The key to an ELISA is the interaction of a known antibody with the antigen of interest. Although the antibody antigenicity is the major limiting factor to ELISA, a second factor must be considered; how to visually detect the antibody:antigen interaction. Two commonly used techniques for detection are the attachment of horseradish peroxidase (HRP) or alkaline phosphatase (AP) to the primary or a secondary antibody and the subsequent addition of a colorimetric substrate.
Although the principle of ELISA is very simple, the optimization and perfection of the assay is not. To aid researchers, we manufacture a kit that contains all the crucial reagents necessary for a successful ELISA, including an enhanced blocking agent, washing buffer and an ultra sensitive colorimetric enzyme substrate.
femto-ELISA™ kits utilize a non-animal protein blocker, NAP-BLOCKER™ that minimizes cross-reactivity with researcher's antigens and antibodies.
For the detection of HRP, we supply an improved, ultra sensitive, non-volatile, stable colorimetric substrate based on tetramethyl benzidine (TMB). Our reagent does not require hydrogen peroxide that can have detrimental effects on many biological factors, which may ultimately affect your assays. Figure 1 shows that our substrate is able to detect as little as 100pg of HRP.

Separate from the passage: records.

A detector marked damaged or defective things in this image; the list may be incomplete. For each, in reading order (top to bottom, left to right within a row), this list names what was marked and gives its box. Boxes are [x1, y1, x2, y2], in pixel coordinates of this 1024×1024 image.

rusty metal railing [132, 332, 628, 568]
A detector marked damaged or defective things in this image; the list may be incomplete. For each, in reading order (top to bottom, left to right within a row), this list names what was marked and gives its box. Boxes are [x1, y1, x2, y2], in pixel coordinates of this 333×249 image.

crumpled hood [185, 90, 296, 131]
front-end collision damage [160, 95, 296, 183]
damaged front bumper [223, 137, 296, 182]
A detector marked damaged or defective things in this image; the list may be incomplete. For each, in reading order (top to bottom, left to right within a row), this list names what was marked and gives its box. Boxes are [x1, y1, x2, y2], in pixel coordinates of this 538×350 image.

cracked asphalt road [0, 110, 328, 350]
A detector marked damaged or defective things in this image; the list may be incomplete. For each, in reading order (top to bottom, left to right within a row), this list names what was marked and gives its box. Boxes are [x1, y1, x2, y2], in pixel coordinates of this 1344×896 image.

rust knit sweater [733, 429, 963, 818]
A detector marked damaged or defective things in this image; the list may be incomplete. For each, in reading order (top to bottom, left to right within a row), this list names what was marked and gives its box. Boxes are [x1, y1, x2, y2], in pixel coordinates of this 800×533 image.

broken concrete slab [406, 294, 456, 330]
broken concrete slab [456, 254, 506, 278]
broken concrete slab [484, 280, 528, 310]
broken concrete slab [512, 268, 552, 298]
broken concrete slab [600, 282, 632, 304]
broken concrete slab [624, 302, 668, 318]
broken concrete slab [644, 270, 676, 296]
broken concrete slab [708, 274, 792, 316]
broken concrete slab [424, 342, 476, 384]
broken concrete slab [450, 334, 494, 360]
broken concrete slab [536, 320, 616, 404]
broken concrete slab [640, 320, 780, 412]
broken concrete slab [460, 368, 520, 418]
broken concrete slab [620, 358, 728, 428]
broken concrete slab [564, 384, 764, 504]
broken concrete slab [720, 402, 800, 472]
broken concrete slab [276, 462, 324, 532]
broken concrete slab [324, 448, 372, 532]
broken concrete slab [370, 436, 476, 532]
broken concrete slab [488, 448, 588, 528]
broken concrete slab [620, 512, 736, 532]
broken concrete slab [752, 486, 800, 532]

For the detection of alkaline phosphatase, we offer a p-nitrophenylphosphate (pNPP) based substrate that has superior stability compared to commonly used pNPP tablets and solutions. The improved stability ensures minimal background O.D. over longer periods compared to normal pNPP substrates. Our AP substrate has superior sensitivity, highly rapid (figure 2) and requires no preparation time.